L’organisation Pro-Prawo do Życia a annoncé avoir fait une copie des insultes et menaces en vue d’informer le parquet du délit d’incitation à la haine et de menace commis par leurs auteurs. « Ces menaces sont la réaction des milieux pro-avortement à la campagne ‘Stop à la pilule de la mort’ menée depuis plusieurs années par la Fondation Pro-Prawo do Życia et dont le but est d’informer les Polonais des conséquences de l’action abortive de ces pilules et de venir en aide aux femmes que l’on pousse à avorter, » peut-on lire sur le site de l’ONG pro-vie.

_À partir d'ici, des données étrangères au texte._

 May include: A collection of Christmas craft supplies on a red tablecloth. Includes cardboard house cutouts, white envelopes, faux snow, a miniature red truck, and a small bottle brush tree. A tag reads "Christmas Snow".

Ces faits divers montrent que la Pologne catholique n’est pas à l’abri de ce phénomène mondial. L’agenda LGBT, de même que celui en faveur de l’avortement, bénéficient d’un vaste soutien de la part des puissances occidentales et des grandes multinationales (UE, États-Unis, France, Google, Facebook, etc.) qui n’hésitent pas à appuyer très officiellement les organisations promotrices de cette idéologie progressiste, et les pays s’y opposant voient tôt ou tard une montée d’un activisme volontiers fanatique et de plus en plus violent, ainsi que des pressions étrangères. Les pays du Groupe de Visegrád sont ainsi incapable d’interdire les « Gay Pride » et les organisations d’activisme LGBT du fait de la pression directe de leurs alliés occidentaux, États-Unis en tête.